Publié le 15 novembre 2022
Actuellement les trahisons sont légions dans toutes les sphères d’activité. Effectivement les milieux comme la politique, les affaires, le sport, les amis, la famille sont exposés à cette tare comportementale qui existait depuis des millénaires, à l’instar de la traitrise de Judas envers Jésus.
Notre vie sur terre en est parsemée, et personne, oui personne ne peut se targuer d’être à l’abri de ce mal qui mine la société. Pour qu’il y ait trahison, il faut d’abord adhérer à une pensée ou à une action, avant de se retirer de cette dernière en prenant une autre voie que celle convenue d’une manière officielle ou non dite. En bref, la trahison est une traîtrise, une infamie, une scission ou un coup de poignard dans le dos…
Pourquoi avoir parlé de trahison ? Parce qu’en fait, elle est partout, à tout instant, et elle nous guette comme une hyène qui attend sa proie.
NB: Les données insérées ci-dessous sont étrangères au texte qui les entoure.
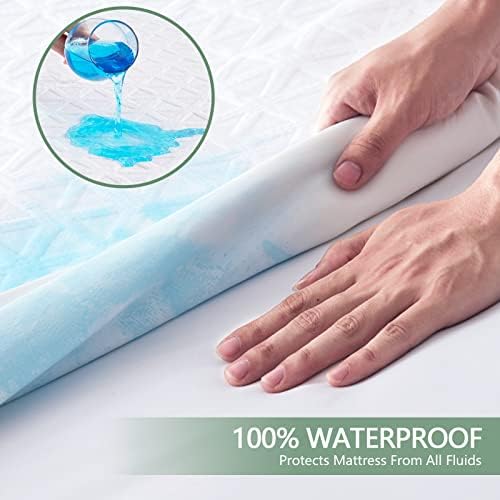 Premium Waterproof Mattress Protector Full Size, Noiseless Deep Pocket - Image 3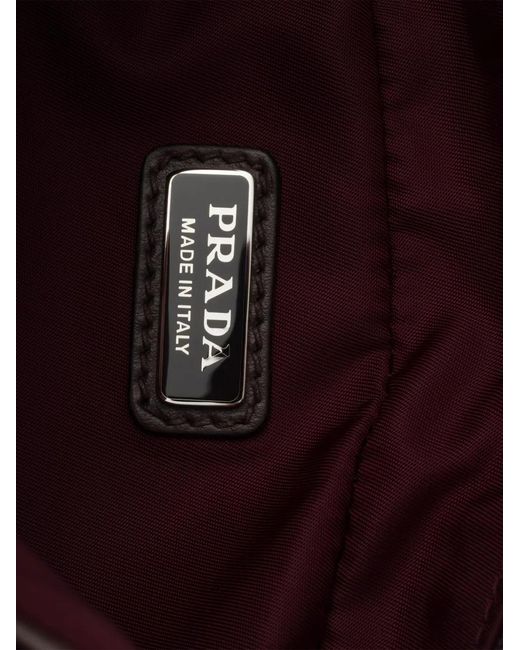 Pouch Speedrock Re-Nylon di Prada in Purple da Uomo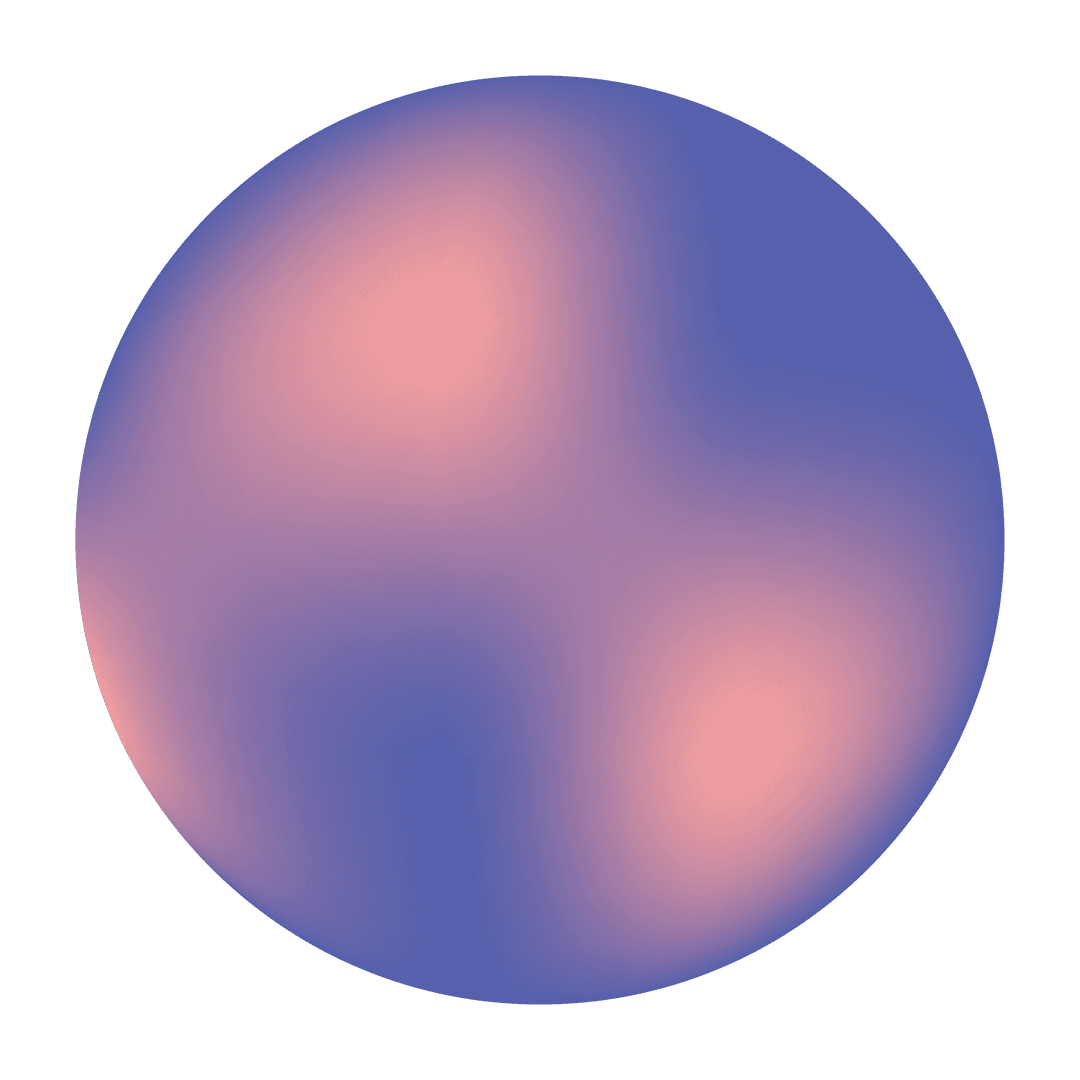 Colorful Geometric Sphere on Transparent Background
Le pire est qu’elle est d’une patience avérée, et toujours elle sévit au moment où l’on ne s’y attend pas. Pour sûr, elle fait mal à ceux qui la subissent, si bien qu’elle fût à l’origine d’un dicton : « Que Dieu me garde de mes amis, de mes ennemis je m’en charge ».
Les causes de la trahison sont de diverses motivations ou d’intérêts comme :
- la perspective de gain d’argent,
- de vouloir supplanter un leader pour sortir de l’ombre,
- d’affirmer sa personnalité,
- d’avoir subi une vexation par une non reconnaissance de soi,
- d’avoir été dépité par un rejet,
- sous la pression d’un chantage…
Ces diverses raisons évoquées ci-dessus expliquent la valse de nos politiciens en termes de retournements de vestes qui nous dérangent dans la déontologie comportementale qu’ils doivent véhiculer pour rassurer le peuple en quête de modèle. Cette attitude est jugée cavalière car elle est l’apanage d’un traître à sa source originelle, pour se mettre au profit d’un intérêt personnel.
Alors comment faire pour avoir confiance en ces caméléons de la société qui changent selon leur environnement, démontrant ainsi le peu de considération qu’ils ont pour ceux qui ne sont plus utiles à leur ascension sociale ? Il est clair qu’on peut ici se fier à l’adage « Souvent fille varie, fol qui s’y fie ». Effectivement, il est suicidaire de faire son chemin avec un explosif volatile pareil. A la moindre anicroche, ce genre de zigoto sera le premier à vous renier et à dire à tout va du mal de vous pour assouvir ses intérêts.
Choisir ses compagnons et ses collaborateurs dans un pays comme Madagascar, où on a rangé aux oubliettes l’honnêteté intellectuelle, est tout simplement un parcours de combattant. C’est vrai que le sens de l’éthique est en train de disparaître doucement mais sûrement de notre horizon. Il est amer de constater que le manque d’éducation fait ses ravages dans tous les domaines. Le mieux est de se plier au bon sens populaire stipulant « Qui a bu boira », et de donner leurs chances aux femmes qui d’après les sondages sont plus travailleuses, moins corrompues et moins vénales que les hommes.